I don’t think that they really believed it. I think they just joined an organization … the fascists from Saint-Henri, ninety percent of them were not educated. I think it offered them somewhere to go for a meeting, to get-together, to play cards, to have a drink and talk about their home.

Joe Mastromonaco, son of internee Giovanni Mastromonaco, video interview, Columbus Centre Collection

I swear to execute without discussion the orders of il Duce and to serve with all my strength and if necessary with my blood the cause of the Fascist Revolution.

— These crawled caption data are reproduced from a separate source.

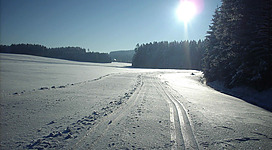 Haugstein Sauwaldloipen in Engelhartszell: Eine verschneite Landschaft mit einer Schneise, die sich durch eine Waldlandschaft schlängelt. Im Hintergrund sind Bäume und Berge zu sehen, die vom Sonnenlicht beleuchtet werden. Der Schnee bedeckt den Boden und die Umgebung, was eine winterliche Stimmung erzeugt.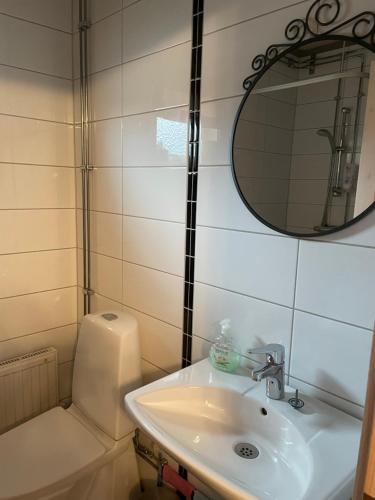 a bathroom with a sink and a mirror and a toilet at B & B Flattinge Fritidshus in Vittaryd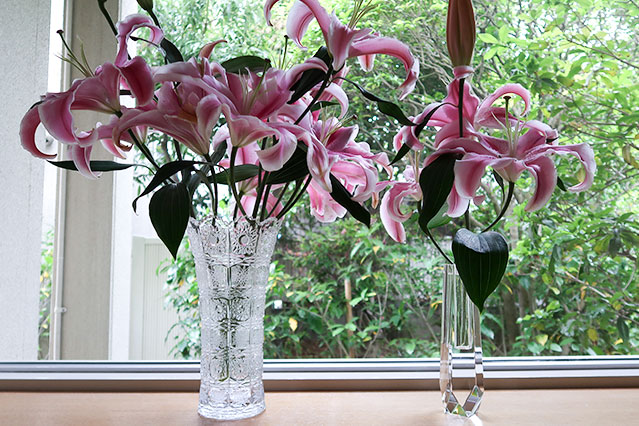 当院に飾られている生花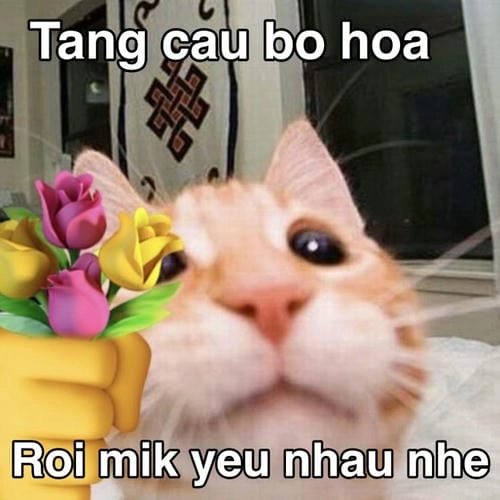 Ảnh meme mèo con tặng hoa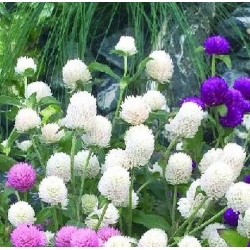 Nasiona Wiecznik Gomfrena biały szt.5 Nxx676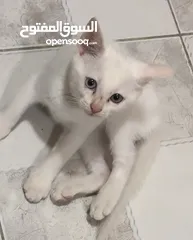  7 2قط شیرازی و بریطانی  2 cat with 2color eyes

The oath that appeared on fascist membership cards, RCMP, The Organization and Activities of the Italian Fascist Party in Canada, Library and Archives Canada

I mean, [my grandfather] was proud of Victor Emmanuel. He also believed in what Mussolini was doing for the Vatican and bringing back the states to Rome, which had been confiscated. And that was one of the reasons why he supported them and I know that they had collected all their jewellery and sent it over to Italy to help Mussolini and his endeavour. And I don't think ever, ever, ever that my grandfather had anything against England or Canada.

Sandy Corbo, granddaughter of internee Achille Corbo, video interview, Columbus Centre Collection

The meaning of fascism varied for Italian Canadians. Some wore black shirts and were active in a local fascist group known as the fascio. They believed in the political philosophy and supported Italian state interests in world affairs. Others responded to the positive change they felt Mussolini was bringing to Italy – political and economic stability, including infrastructure projects and increasing agricultural output. Among devoted Catholics, Mussolini was also praised for the Lateran Accords.

Italy’s fascist government considered all emigrants as Italian citizens whether or not they had become naturalized in other countries. Due to this policy, Italian consuls and vice-consuls in Canada, actively courted the community, promoting an Italian identity based on fascist propaganda and culture. This included the purchase or construction of buildings called Casa d’Italia and supporting the pro-fascist press in Canada, both financially and editorially. The consuls and vice-consuls also oversaw the Gioventù Italiana del Littorio Estero (Italian Lictor Youth) and the Dopolavoro.

Fascism was not exclusive to Italian neighbourhoods. During the 1920s and 1930s, fascist organizations existed among English, French, and German Canadians. The most well-known fascist leader of the time was Montreal’s Adrien Arcand of the National Unity Party (NUP). Arcand and members of the NUP were also interned during World War II.